── Material provided

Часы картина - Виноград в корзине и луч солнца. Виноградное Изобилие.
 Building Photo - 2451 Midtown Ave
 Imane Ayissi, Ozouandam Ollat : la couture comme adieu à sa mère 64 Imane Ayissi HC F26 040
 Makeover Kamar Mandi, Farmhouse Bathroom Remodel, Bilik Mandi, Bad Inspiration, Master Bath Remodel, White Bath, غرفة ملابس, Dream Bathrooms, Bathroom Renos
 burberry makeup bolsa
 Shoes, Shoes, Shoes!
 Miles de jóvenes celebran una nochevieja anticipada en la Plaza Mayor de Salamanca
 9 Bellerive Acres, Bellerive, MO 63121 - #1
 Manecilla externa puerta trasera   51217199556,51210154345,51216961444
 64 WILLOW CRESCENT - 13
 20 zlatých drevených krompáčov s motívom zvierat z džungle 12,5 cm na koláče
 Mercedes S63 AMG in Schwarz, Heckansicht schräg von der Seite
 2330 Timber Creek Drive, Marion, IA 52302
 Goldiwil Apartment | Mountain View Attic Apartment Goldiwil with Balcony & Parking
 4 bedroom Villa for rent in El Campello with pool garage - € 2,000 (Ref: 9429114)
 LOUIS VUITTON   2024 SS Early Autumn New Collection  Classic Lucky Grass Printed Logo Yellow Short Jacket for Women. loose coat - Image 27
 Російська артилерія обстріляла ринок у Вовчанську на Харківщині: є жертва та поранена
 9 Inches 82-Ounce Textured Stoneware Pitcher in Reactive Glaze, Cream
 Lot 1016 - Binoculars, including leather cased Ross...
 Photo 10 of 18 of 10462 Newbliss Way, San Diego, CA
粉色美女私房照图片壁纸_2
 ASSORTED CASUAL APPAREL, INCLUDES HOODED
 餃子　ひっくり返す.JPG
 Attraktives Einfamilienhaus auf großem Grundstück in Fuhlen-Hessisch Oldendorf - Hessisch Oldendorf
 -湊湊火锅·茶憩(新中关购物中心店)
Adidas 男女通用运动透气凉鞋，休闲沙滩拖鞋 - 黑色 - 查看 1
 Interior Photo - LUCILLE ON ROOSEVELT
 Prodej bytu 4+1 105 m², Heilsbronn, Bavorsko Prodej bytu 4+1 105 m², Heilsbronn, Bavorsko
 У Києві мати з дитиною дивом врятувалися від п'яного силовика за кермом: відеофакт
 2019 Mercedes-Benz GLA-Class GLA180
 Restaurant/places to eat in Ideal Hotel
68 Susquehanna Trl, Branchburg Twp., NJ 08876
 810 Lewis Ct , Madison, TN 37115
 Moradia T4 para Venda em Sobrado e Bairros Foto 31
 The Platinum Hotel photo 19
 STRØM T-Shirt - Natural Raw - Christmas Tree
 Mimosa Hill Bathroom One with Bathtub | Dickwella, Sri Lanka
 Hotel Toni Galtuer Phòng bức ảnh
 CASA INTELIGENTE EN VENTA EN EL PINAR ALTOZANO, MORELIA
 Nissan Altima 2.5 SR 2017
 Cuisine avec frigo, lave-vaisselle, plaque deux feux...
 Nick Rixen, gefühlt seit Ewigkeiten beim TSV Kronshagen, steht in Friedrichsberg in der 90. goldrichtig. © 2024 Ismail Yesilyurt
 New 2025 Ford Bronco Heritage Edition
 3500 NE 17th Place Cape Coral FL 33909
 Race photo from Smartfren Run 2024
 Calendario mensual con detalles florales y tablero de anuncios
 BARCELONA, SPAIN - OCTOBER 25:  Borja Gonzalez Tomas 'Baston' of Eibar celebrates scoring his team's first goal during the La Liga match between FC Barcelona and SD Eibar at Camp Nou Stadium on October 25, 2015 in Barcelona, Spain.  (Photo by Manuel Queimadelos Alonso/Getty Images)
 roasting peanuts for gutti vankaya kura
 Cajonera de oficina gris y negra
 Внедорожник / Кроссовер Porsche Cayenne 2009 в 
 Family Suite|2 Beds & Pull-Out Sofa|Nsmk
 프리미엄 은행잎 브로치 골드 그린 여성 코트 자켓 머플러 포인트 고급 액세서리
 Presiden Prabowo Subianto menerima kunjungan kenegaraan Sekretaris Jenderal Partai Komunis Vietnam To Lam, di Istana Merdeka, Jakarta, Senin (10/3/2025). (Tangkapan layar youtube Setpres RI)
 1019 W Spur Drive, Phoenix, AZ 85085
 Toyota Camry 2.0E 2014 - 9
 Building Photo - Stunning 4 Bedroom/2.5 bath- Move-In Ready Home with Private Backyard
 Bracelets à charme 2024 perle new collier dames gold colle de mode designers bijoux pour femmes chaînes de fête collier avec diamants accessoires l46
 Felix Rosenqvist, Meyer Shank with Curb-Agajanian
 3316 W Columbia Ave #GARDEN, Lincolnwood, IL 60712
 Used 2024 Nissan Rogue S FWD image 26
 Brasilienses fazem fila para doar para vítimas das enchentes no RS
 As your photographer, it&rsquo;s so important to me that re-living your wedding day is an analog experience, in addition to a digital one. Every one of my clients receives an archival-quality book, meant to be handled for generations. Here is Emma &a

────

▶ **What the task asks**: Word for word, restate the lines above from the line containing "Attraktives Einfamilienhaus auf" through the line containing "Calendario mensual con", with both included and nothing else.

▶ **Reply**:
 Attraktives Einfamilienhaus auf großem Grundstück in Fuhlen-Hessisch Oldendorf - Hessisch Oldendorf
 -湊湊火锅·茶憩(新中关购物中心店)
Adidas 男女通用运动透气凉鞋，休闲沙滩拖鞋 - 黑色 - 查看 1
 Interior Photo - LUCILLE ON ROOSEVELT
 Prodej bytu 4+1 105 m², Heilsbronn, Bavorsko Prodej bytu 4+1 105 m², Heilsbronn, Bavorsko
 У Києві мати з дитиною дивом врятувалися від п'яного силовика за кермом: відеофакт
 2019 Mercedes-Benz GLA-Class GLA180
 Restaurant/places to eat in Ideal Hotel
68 Susquehanna Trl, Branchburg Twp., NJ 08876
 810 Lewis Ct , Madison, TN 37115
 Moradia T4 para Venda em Sobrado e Bairros Foto 31
 The Platinum Hotel photo 19
 STRØM T-Shirt - Natural Raw - Christmas Tree
 Mimosa Hill Bathroom One with Bathtub | Dickwella, Sri Lanka
 Hotel Toni Galtuer Phòng bức ảnh
 CASA INTELIGENTE EN VENTA EN EL PINAR ALTOZANO, MORELIA
 Nissan Altima 2.5 SR 2017
 Cuisine avec frigo, lave-vaisselle, plaque deux feux...
 Nick Rixen, gefühlt seit Ewigkeiten beim TSV Kronshagen, steht in Friedrichsberg in der 90. goldrichtig. © 2024 Ismail Yesilyurt
 New 2025 Ford Bronco Heritage Edition
 3500 NE 17th Place Cape Coral FL 33909
 Race photo from Smartfren Run 2024
 Calendario mensual con detalles florales y tablero de anuncios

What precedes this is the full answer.